Nella foto il tecnico dell'Alta Maremma, Antonio Ruggeri, quando allenava il Caldana

MAREMMANE, DOMENICA NERISSIMA Nelle ultime settimane, a parte qualche exploit del Monterotondo, le maremmane del gruppo D no stavano impressionando, ma con la settima giornata si è toccato probabilmente il punto più basso: tutte e quattro, infatti, sono state sconfitte. Le uniche a uscire con qualche minima attenuante sono il Caldana e il Monterotondo: la truppa di Ruggeri, dopo un inizio di gara da incubo, è riuscita a rimontare la capolista Donoratico grazie a Paumgharden, per poi venire però risuperata. La reazione dei biancocelesti è stata però di rilievo, vista anche la doppia inferiorità numerica patita nella ripresa che non ha fiaccato il Caldana nemmeno nei minuti finali. Il Monterotondo viene battuto a domicilio dal Castiglioncello in quello che era un probante scontro playoff, ma i rossoverdi hanno sbattuto contro le traverse colpite da Monterisi e un portiere ospite in stato di grazia. Le tre sconfitte però subite in quattro gare casalinghe devono però far riflettere.
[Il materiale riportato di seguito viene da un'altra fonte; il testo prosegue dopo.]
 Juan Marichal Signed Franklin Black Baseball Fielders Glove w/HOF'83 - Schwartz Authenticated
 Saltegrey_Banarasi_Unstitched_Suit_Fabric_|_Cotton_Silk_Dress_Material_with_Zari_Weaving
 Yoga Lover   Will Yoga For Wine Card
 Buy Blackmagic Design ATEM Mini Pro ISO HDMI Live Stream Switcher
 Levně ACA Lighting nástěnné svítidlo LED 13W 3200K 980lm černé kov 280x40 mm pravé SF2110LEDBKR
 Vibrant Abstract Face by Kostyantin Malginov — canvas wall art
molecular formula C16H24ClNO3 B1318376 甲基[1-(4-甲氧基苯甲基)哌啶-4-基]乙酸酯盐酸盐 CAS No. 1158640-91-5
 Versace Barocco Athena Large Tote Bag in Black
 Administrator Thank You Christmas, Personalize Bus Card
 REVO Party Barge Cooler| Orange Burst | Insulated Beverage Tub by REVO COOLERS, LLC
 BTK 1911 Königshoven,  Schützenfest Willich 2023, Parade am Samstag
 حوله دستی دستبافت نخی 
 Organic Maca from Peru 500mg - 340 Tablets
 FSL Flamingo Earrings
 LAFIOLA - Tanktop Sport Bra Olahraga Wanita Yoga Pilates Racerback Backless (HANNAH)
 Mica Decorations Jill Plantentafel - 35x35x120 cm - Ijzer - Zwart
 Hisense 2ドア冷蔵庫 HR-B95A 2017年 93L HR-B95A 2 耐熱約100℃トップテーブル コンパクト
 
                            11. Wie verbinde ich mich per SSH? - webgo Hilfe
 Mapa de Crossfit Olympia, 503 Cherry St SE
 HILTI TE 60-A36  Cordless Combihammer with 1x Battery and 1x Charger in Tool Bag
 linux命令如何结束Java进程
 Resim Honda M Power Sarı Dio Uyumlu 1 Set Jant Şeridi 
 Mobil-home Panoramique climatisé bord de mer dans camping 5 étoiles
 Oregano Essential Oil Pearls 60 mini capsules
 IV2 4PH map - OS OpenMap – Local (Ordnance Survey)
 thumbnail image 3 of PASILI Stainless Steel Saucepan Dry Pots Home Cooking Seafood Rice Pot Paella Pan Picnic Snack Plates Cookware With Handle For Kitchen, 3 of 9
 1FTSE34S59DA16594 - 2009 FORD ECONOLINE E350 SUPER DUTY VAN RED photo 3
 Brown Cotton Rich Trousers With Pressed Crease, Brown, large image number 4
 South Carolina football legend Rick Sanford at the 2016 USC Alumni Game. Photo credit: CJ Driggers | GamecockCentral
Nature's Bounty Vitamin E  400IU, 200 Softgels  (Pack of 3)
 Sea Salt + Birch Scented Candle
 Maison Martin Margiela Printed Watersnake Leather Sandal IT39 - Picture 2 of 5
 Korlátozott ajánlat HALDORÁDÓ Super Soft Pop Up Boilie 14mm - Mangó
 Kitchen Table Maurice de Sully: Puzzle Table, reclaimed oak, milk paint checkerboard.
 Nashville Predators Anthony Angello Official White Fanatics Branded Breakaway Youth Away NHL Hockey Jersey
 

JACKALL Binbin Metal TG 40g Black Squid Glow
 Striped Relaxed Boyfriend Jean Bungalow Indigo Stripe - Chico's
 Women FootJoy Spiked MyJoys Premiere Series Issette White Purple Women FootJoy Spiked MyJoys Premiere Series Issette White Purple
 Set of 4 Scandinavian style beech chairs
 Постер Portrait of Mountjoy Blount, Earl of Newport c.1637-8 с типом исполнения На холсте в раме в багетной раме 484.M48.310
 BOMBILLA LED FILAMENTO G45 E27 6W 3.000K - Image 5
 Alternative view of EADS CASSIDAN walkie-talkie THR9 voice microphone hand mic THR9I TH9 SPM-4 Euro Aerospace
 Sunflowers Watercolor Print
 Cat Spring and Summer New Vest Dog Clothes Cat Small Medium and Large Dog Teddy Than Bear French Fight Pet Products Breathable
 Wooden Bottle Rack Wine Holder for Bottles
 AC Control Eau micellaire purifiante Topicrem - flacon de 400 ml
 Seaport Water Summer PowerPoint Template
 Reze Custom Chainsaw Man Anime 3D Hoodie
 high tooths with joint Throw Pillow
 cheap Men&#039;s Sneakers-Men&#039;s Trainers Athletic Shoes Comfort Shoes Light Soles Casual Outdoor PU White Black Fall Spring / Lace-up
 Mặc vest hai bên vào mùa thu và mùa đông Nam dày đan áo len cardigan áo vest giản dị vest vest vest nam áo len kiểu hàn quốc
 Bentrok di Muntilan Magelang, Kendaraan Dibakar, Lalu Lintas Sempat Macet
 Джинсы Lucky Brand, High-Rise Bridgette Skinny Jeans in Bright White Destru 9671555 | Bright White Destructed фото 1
Un’altra domenica molto amara, invece, per Alta Maremma e Follonica. I gialloneri, dopo un inizio di stagione promettente, si sono come involuti nelle ultime giornate: mister Papini non ha avuto mai a disposizione l’intera rosa causa infortuni e squalifiche, ma ora comunque la classifica inizia a prendere contorni davvero preoccupanti. Per il Follonica, invece, dati i molti giovani in rosa, si poteva anche prevedere un campionato difficile e la salvezza del team di Silvestro non passa certamente da gare come quella con lo Sporting Cecina, ma il confronto di ieri in terra livornese è stato alquanto impietoso.